View Single Post
  #1   Report Post  
Posted to microsoft.public.excel.misc
Jerry W. Lewis Jerry W. Lewis is offline
external usenet poster
 
Posts: 837
Default Regression with text variables

Such a numerical assignment is probably meaningless. He appears to want to
do a categorical ANOVA, where hair color would have c-1 degrees of freedom (c
is the number of colors) instead of 1 degree of freedom that would be given
by numerically coding a regression model.

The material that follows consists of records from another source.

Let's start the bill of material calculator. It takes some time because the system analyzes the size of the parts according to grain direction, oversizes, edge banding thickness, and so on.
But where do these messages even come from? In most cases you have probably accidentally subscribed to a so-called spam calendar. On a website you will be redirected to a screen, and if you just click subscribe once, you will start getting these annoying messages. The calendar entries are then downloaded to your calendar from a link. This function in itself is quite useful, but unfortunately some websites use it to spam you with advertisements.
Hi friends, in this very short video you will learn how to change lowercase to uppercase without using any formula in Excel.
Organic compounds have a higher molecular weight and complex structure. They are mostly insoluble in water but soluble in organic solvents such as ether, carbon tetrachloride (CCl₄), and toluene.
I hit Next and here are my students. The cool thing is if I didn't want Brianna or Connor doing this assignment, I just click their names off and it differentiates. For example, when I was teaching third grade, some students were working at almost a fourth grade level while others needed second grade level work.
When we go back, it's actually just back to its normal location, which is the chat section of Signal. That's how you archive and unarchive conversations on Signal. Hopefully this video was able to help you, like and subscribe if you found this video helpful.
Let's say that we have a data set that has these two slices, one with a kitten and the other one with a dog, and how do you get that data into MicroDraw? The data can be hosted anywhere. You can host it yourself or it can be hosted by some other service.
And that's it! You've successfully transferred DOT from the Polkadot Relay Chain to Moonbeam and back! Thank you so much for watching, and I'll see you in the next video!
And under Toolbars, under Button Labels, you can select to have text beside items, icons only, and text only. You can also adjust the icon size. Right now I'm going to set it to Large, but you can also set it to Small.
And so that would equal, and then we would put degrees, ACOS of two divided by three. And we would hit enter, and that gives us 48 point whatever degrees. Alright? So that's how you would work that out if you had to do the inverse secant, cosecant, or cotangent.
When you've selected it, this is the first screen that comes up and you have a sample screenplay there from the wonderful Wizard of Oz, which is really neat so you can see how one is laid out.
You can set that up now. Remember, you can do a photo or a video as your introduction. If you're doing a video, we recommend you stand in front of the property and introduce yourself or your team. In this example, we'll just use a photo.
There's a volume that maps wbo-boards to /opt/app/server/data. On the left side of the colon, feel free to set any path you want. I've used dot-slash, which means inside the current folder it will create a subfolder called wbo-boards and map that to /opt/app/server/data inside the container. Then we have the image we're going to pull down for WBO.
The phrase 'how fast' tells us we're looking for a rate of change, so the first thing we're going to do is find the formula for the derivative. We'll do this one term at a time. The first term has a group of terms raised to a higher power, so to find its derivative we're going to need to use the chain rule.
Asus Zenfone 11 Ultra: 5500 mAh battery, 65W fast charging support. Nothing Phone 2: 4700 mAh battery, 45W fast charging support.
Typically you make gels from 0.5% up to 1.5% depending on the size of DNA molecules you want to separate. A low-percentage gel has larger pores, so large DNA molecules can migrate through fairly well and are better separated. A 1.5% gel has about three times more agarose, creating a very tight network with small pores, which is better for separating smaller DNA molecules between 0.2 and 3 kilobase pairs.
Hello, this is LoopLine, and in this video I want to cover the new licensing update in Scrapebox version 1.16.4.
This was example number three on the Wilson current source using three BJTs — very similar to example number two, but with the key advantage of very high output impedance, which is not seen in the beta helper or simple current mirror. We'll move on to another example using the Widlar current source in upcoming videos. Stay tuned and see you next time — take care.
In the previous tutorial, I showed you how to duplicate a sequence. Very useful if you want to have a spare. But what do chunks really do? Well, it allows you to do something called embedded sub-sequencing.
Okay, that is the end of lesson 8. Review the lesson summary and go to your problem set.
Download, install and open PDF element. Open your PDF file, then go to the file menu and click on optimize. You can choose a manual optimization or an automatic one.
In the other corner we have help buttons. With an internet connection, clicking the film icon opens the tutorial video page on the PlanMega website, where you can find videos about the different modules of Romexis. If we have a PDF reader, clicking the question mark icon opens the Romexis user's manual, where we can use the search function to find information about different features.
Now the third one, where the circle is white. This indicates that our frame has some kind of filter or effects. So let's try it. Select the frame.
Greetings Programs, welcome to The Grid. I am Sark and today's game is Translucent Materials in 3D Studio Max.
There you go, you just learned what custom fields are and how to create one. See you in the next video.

If each factor (hair color, etc) has only 2 levels, assign the levels +/-1,
then you can use the ATP regression tool or LINEST to do the analysis. Each
t-test for a regression coefficient would correspond to to the usual ANOVA F
test.

If any factor has more than 2 levels, then the OP would need to construct
the appropriate X matrix, which would require more understanding than he
seems to have.

Jerry

"Dave F" wrote:

Can't you assign a numerical code to the hair color; i.e., red hair = 1, blue
hair = 2, etc?

Dave
--
A hint to posters: Specific, detailed questions are more likely to be
answered than questions that provide no detail about your problem.


"Heath" wrote:

I'm using Excel 2003 with the Data Analysis pack, which allows one to run a
linear regression on data. I think this is the same as the LINEST function.
My y-value inputs are numeric but the x-value inputs are text...an
(unrealistic) example...effect of RED HAIR (independent variable) on HEIGHT
(dependent variable). So when I enter the data, from this example, height is
numeric but hair color is text.

How do run a regression on this kind of data?

Thanks!

"Jerry W. Lewis" wrote:

You need to say more. What you are trying to do is not clear.

Jerry

"Heath" wrote:

Is it possible to use excel 2003 with the Data Analysis Tools to run a
regression when the independent variables consist of text? I tried to replace
the text with numbers 1, 2, 3, ... but I don't think the results make sense.